There are some insights and knowledge that are available only after deep study and an exhaustive search. Some of these truths are not easily communicated with those who have not also studied the topic deeply. In some cases the knowledge and insight can be stated in clear language, but others will not understand until after they have also put forth the effort to study it out in their minds and consider to its fullest extent.

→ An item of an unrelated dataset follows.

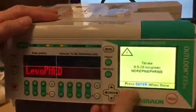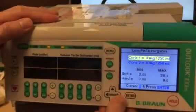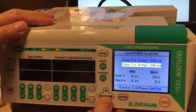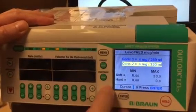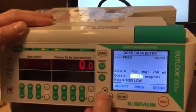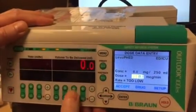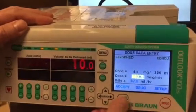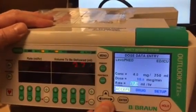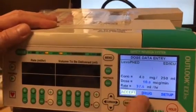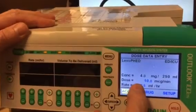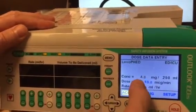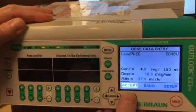We're doing the Levophed drip. Let's say the doctor orders it at 10 mics per minute to start. You've got that running, and it's at 37.5 mLs an hour, going at 10 mics per minute.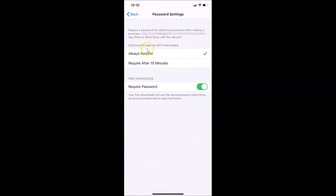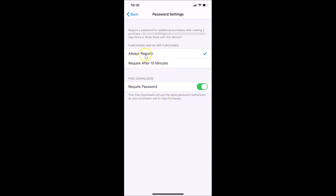Here under Purchases and In-App Purchases it's set to 'Require After 15 Minutes'. Under Free Downloads, you can see the 'Require Password' switcher is on. The message says your free downloads will use the same password restrictions as your purchases. If set to 'Always Required' it asks every time; if set to 'Require After 15 Minutes' it asks every 15 minutes.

This is a principle of learning that is careful, ponderous, slow, and takes great effort. Many in our modern world think that if the answer is not quick, easy, readily available, and effortless then it is not worth considering. But anyone who has learned something to great depth knows otherwise, and knows that the depth of knowledge is inexhaustible.


Michaela Stephens said...

Yes and yes. I totally agree.

I've looked at comparisons between BofM Isaiah and Bible Isaiah and I've learned a lot from that comparison, but I hadn't thought about what that implied about Joseph Smith's translation process. But now that you point that out, I can see you are right.

Quantumleap42 said...

Before I started that project I really didn't have an opinion one way or another. I think I was leaning towards a model that was neither strict nor loose. Like many members for a while I thought Joseph was translating the BoM in the same way the Bible or any other book was translated. But that didn't fit with first hand accounts of the translation, so I didn't know what to think. At about this time I started my Isaiah study and it just became apparent what had happened.